== Directions for this task ==
Every line below from the one containing "4042 Jeffrey Drive, Yorba" to the final line must be reproduced exactly, and no other line may appear in the answer.

────────────────────────────────────────

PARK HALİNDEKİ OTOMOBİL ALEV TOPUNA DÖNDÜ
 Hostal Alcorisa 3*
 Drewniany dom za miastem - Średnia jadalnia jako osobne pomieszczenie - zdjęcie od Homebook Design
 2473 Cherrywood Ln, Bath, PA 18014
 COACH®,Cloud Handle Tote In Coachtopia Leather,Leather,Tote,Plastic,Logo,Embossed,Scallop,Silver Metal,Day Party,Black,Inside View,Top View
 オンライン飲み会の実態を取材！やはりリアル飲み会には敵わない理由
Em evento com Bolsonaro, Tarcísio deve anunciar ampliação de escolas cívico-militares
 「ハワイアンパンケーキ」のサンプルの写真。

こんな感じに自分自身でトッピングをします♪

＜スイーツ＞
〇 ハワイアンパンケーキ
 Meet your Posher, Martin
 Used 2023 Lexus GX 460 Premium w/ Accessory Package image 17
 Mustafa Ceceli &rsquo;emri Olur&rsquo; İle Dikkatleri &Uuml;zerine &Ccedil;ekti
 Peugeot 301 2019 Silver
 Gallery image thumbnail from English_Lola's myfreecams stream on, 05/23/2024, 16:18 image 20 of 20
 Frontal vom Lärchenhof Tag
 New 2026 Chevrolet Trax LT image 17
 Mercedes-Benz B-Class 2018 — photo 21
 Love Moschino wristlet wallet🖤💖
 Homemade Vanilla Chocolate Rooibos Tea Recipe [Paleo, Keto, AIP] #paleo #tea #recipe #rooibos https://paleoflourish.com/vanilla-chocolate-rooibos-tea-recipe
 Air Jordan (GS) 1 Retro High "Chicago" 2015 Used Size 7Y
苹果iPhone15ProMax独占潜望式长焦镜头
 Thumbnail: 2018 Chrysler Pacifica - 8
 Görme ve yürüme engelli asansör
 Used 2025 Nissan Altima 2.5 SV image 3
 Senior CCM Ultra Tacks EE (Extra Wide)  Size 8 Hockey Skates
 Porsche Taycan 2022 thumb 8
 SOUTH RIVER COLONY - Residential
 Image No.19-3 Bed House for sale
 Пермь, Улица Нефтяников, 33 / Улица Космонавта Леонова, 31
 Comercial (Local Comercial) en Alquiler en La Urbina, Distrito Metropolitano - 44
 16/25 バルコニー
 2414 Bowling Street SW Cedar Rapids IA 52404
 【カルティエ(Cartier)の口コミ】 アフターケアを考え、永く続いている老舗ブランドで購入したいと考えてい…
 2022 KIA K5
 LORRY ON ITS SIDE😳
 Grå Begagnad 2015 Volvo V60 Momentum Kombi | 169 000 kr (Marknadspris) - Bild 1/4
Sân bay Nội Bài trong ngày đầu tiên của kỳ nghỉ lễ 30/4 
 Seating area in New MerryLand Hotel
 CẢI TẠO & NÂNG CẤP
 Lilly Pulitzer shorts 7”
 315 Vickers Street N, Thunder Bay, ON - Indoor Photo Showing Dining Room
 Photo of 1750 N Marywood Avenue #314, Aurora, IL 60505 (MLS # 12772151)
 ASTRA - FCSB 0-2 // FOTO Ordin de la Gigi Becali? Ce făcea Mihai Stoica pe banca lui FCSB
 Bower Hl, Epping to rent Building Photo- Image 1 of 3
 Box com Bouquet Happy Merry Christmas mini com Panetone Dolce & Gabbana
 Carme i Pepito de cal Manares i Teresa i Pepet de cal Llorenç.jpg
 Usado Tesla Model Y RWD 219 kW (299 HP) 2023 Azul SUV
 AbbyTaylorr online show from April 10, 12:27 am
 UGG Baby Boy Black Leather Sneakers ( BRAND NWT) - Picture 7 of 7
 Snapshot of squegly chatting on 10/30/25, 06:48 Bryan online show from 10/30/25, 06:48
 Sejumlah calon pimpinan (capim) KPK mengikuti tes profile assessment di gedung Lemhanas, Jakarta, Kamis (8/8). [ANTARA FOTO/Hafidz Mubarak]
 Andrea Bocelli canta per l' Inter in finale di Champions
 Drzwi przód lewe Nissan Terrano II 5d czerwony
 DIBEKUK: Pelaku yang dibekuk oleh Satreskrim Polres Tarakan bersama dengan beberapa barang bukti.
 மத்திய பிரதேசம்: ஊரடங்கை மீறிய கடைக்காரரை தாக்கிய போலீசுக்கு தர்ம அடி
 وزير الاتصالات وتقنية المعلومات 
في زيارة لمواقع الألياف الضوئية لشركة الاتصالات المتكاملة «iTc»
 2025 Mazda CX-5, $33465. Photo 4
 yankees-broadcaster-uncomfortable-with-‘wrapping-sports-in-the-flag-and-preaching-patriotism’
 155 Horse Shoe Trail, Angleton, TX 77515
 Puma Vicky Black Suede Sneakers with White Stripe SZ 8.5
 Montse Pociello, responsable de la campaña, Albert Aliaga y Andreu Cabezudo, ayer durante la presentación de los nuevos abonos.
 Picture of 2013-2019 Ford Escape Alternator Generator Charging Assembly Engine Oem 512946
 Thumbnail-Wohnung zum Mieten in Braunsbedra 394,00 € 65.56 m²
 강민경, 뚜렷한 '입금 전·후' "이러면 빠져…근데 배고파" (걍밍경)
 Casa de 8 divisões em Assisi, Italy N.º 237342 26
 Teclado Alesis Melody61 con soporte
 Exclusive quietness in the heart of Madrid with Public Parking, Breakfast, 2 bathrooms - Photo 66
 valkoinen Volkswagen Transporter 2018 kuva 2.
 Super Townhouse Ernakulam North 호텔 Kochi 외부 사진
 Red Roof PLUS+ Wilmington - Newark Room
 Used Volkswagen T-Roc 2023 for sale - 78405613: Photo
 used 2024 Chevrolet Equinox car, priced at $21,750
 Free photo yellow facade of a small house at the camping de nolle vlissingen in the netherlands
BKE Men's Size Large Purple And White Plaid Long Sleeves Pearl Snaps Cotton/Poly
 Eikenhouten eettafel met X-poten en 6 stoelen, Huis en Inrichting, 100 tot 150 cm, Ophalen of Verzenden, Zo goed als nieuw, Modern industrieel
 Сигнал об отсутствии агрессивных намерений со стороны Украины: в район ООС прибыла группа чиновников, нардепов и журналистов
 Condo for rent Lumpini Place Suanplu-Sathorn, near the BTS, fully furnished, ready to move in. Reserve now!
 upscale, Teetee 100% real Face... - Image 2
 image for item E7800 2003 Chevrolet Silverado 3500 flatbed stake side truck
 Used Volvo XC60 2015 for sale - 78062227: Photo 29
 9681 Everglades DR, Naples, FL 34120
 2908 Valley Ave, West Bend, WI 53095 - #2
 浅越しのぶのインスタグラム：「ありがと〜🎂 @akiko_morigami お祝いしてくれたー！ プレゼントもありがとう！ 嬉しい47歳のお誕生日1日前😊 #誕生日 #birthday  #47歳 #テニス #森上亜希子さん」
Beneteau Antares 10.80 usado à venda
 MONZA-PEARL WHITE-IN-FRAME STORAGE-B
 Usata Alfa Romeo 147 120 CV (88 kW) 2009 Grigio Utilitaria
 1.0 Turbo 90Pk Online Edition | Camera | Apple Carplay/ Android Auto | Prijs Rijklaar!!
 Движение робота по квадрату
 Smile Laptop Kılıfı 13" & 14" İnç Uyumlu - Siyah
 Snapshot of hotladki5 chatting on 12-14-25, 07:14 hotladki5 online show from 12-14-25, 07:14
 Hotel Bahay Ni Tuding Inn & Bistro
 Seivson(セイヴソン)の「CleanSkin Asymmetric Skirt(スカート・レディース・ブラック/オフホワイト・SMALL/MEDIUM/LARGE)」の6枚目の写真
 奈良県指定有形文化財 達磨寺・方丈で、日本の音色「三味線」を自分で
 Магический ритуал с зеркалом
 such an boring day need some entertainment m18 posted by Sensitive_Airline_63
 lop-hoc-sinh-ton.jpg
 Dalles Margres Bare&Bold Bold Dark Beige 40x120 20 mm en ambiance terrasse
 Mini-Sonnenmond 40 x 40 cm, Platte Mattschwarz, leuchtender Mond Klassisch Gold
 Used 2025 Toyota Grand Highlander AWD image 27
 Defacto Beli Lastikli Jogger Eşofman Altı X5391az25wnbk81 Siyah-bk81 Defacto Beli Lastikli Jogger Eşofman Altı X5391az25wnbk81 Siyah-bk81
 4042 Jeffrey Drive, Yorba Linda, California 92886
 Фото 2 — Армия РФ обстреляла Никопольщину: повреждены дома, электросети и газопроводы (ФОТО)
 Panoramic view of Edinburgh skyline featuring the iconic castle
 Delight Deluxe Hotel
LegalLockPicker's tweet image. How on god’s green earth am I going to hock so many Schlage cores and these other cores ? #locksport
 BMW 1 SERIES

────────────────────────────────────────

== Your response ==
 4042 Jeffrey Drive, Yorba Linda, California 92886
 Фото 2 — Армия РФ обстреляла Никопольщину: повреждены дома, электросети и газопроводы (ФОТО)
 Panoramic view of Edinburgh skyline featuring the iconic castle
 Delight Deluxe Hotel
LegalLockPicker's tweet image. How on god’s green earth am I going to hock so many Schlage cores and these other cores ? #locksport
 BMW 1 SERIES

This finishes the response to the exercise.